Exhibit A to the Investment Policy Statement, which is also an integral part of each Partner’s Investment Services Agreement, provides the asset allocation guidelines currently in effect for the Foundation (See Appendix).

REBALANCING

Rebalancing is a critical element in controlling the long-term asset allocation of the Foundation. The portfolio rebalancing policy will be implemented in a systematic and disciplined fashion using policy guidelines.

In general, the Partners are expected to review the portfolios at least quarterly to determine if any rebalancing activities are required. The Foundation’s assets will be allocated in a manner consistent with the asset allocation guidelines, as determined by the Investment Committee and the Partners given prevailing market conditions, with variations around the expected long-term policy normal allocation levels permitted within the ranges set in the asset allocation guidelines.

INVESTMENT PERFORMANCE EXPECTATIONS:

The Committee will establish and approve investment performance expectations for the Partners.  Such expectations will vary by asset class and will be based on appropriate index returns, composites or other recognized industry performance standards deemed appropriate by the Committee.

PERFORMANCE REVIEW AND EVALUATION:

The Partner will review and evaluate investment performance periodically in the context of both the current investment environment and the long-term investment horizon of the Foundation.  Performance evaluation will be conducted for the total portfolio and for each asset and sub-asset class.  All performance results will be reported net of all fees and expenses.

The performance review at the asset class level will evaluate asset class performance versus the appropriate benchmarks as outlined in Exhibit A.

Section 6.5          Other Investment Considerations

USE OF DERIVATIVES:

Certain investment strategies employed will be permitted to use derivative investments.  Derivative investments are those securities whose value is related, or derived, from that of another security, index, or financial instrument.  Investments in derivatives include (but are not limited to) futures, forwards, options, warrants, swaps, etc.  No derivative positions can be established that have the effect of creating portfolio characteristics that would ordinarily be prohibited by the Statement.

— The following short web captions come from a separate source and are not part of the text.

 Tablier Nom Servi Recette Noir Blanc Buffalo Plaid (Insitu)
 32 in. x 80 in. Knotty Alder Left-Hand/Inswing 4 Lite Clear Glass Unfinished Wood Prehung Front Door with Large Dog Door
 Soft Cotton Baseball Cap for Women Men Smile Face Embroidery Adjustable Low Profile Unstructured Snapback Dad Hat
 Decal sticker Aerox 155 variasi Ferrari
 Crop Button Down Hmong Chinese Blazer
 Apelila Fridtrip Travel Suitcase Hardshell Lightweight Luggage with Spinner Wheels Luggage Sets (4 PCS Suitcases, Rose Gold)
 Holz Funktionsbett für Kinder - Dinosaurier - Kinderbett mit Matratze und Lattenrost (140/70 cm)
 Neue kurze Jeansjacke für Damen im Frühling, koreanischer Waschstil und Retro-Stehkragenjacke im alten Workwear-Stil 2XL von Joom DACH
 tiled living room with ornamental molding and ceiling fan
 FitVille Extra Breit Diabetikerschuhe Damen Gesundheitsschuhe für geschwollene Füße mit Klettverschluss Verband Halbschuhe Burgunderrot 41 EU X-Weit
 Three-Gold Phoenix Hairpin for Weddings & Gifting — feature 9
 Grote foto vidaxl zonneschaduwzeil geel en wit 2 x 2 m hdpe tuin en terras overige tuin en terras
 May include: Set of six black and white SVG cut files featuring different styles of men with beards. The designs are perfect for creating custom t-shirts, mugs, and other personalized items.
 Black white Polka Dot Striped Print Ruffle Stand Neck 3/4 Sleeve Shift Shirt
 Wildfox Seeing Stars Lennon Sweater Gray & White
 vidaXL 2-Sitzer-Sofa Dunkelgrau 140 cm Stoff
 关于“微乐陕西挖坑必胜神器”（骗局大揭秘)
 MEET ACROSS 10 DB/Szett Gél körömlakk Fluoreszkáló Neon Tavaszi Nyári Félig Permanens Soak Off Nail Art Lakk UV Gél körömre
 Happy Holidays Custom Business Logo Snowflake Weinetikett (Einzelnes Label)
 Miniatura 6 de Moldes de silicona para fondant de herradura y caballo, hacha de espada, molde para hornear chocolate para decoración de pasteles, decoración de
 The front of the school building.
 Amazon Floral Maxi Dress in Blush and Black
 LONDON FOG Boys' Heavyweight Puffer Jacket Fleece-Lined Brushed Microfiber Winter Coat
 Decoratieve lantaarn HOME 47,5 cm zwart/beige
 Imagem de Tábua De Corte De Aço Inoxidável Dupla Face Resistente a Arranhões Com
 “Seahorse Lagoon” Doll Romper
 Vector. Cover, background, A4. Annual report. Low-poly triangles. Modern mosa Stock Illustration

Derivatives can be used in prudent ways including hedging market, currency, or interest rate risk, maintaining exposure to a desired asset class while making asset allocation changes, gaining exposure to an asset class when it is more cost-effective than the cash markets, and adjusting duration within a fixed income portfolio.  When using derivative investments, the investment manager responsible for the position needs to carefully monitor the creditworthiness of any third parties involved in the transaction.

Each investment manager using derivatives shall exhibit expertise and experience in utilizing such products; demonstrate that such usage is strategically integral to their security selection, risk management, or investment process; and demonstrate acceptable internal controls regarding these investments.

LIQUIDITY MANAGEMENT:

The Foundation may have liquidity needs for operational commitments, need cash to meet annual payout requirements or participant benefit payments, or for the management of its legal commitments to draw down funds for certain private investments.  Additionally, the portfolio needs to be able to respond to changing market conditions allowing the portfolio to be shifted modestly to take advantage of the relative or absolute attractiveness of certain asset classes over time.  To address all of these needs, care must be given to the level of liquid assets in the portfolio, the anticipated funding needs, and the level of future funding commitments while providing additional liquidity for unplanned or emergency needs.  In particular, there should be an awareness of how liquidity can change in periods of capital market stress.

Nevertheless, the permanent nature of the Foundation’s capital should enable it to accept lower levels of liquidity in instances where capital is likely to earn a sufficient return premium.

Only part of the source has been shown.